## Data to examine
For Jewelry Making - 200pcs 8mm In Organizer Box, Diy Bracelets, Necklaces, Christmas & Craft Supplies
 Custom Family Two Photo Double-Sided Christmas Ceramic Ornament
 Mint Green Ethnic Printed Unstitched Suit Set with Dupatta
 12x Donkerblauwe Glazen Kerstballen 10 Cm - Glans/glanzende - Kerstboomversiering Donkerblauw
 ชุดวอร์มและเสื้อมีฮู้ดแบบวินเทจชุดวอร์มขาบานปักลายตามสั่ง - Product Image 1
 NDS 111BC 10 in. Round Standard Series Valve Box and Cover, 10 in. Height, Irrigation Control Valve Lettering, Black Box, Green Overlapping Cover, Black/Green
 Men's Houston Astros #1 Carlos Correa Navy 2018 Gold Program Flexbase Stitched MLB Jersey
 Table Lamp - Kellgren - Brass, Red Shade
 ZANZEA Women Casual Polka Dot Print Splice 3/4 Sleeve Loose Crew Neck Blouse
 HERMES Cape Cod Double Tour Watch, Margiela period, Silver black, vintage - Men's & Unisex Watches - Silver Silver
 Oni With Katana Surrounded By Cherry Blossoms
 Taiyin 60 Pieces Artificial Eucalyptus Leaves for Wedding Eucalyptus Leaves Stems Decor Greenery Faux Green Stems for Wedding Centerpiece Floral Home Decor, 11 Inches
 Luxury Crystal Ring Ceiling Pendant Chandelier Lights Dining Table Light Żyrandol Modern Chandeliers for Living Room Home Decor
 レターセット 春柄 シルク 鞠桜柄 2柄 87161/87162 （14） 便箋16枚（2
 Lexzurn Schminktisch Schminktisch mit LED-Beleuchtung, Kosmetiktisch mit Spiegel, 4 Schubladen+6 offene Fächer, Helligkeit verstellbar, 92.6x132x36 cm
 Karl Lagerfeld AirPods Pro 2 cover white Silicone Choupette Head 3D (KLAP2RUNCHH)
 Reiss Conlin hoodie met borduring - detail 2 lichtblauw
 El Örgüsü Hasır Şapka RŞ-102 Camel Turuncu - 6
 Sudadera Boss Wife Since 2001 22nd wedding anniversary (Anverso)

## The problem
What is the number of lines in the listing that include the word "Table"? Give the number and no other text.

## Solution
2